- **WHAT YOU WILL DO**
In the material below, find the line with "2023 Toyota Corolla — view 3" and the line with "Headphone holder under desk mount, photo", then output those two lines and every line between them, exactly.

- **DATA TO USE**

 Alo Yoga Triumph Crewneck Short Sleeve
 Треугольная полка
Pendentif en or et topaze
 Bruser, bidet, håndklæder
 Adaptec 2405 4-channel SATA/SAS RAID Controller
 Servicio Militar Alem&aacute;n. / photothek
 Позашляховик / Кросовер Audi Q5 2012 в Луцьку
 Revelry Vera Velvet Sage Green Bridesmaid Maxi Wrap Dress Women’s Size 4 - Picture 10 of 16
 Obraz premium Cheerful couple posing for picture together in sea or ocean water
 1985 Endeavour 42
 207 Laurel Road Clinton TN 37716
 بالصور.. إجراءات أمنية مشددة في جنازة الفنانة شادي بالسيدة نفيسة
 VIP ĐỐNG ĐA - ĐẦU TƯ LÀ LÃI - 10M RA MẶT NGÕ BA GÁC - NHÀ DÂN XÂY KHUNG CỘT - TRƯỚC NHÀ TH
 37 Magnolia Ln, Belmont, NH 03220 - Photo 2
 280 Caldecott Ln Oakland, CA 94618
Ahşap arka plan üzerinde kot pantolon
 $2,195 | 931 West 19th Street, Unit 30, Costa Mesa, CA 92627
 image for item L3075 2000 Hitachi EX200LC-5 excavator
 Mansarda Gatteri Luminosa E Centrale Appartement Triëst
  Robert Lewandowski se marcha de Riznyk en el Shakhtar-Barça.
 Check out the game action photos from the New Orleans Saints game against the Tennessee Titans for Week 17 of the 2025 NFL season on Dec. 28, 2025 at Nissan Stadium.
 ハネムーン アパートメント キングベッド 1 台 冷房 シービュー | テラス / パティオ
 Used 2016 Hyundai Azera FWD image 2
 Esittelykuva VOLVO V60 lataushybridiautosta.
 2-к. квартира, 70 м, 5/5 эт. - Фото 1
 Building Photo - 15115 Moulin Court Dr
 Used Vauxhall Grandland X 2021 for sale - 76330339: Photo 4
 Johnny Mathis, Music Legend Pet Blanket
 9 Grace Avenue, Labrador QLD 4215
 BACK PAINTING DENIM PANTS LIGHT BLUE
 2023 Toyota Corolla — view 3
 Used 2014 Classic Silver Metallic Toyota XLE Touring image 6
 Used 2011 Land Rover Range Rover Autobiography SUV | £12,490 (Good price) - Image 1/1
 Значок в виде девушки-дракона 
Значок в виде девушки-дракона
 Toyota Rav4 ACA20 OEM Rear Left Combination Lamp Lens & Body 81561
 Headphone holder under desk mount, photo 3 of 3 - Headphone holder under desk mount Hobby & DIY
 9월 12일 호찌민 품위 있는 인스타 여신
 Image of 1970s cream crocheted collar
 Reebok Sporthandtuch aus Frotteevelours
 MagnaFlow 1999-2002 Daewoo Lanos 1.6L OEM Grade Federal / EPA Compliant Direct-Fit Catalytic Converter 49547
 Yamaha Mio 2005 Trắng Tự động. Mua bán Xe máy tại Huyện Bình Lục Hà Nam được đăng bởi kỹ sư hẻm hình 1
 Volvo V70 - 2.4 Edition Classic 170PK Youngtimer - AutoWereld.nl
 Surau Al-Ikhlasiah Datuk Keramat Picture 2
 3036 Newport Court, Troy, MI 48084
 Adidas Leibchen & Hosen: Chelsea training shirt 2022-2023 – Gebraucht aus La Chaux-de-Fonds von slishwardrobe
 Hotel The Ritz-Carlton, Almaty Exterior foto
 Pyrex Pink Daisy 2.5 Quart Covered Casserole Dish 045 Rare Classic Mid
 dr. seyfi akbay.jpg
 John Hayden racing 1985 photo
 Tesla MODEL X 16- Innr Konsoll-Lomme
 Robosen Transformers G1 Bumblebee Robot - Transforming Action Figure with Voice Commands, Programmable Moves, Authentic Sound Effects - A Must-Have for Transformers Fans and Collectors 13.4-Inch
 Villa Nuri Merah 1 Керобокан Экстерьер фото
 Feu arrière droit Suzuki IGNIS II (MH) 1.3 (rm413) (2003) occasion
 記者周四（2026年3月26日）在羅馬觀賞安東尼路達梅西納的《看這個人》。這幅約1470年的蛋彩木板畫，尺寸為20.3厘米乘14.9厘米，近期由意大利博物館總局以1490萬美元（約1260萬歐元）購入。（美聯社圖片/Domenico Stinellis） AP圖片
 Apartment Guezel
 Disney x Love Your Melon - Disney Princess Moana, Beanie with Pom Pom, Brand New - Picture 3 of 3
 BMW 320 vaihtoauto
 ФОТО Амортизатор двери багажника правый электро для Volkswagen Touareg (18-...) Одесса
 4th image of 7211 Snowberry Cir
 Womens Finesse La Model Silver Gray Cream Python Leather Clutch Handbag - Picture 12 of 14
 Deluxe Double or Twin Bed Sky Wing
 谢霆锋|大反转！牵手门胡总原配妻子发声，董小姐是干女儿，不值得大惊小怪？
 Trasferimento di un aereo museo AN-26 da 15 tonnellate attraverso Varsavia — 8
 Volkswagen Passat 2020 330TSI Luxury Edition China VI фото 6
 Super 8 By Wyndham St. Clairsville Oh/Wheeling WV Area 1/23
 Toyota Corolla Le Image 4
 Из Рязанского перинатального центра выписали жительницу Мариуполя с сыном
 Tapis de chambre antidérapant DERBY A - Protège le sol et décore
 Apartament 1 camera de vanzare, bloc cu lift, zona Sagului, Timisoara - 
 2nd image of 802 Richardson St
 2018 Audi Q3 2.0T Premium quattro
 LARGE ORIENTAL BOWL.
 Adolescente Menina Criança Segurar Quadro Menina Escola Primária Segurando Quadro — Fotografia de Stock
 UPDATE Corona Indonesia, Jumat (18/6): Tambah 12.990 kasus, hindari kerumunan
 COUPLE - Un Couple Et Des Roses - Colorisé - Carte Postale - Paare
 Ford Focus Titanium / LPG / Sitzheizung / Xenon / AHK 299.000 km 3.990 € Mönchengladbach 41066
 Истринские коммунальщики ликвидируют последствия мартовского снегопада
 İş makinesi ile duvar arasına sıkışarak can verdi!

- **WORKED SOLUTION**
 2023 Toyota Corolla — view 3
 Used 2014 Classic Silver Metallic Toyota XLE Touring image 6
 Used 2011 Land Rover Range Rover Autobiography SUV | £12,490 (Good price) - Image 1/1
 Значок в виде девушки-дракона 
Значок в виде девушки-дракона
 Toyota Rav4 ACA20 OEM Rear Left Combination Lamp Lens & Body 81561
 Headphone holder under desk mount, photo 3 of 3 - Headphone holder under desk mount Hobby & DIY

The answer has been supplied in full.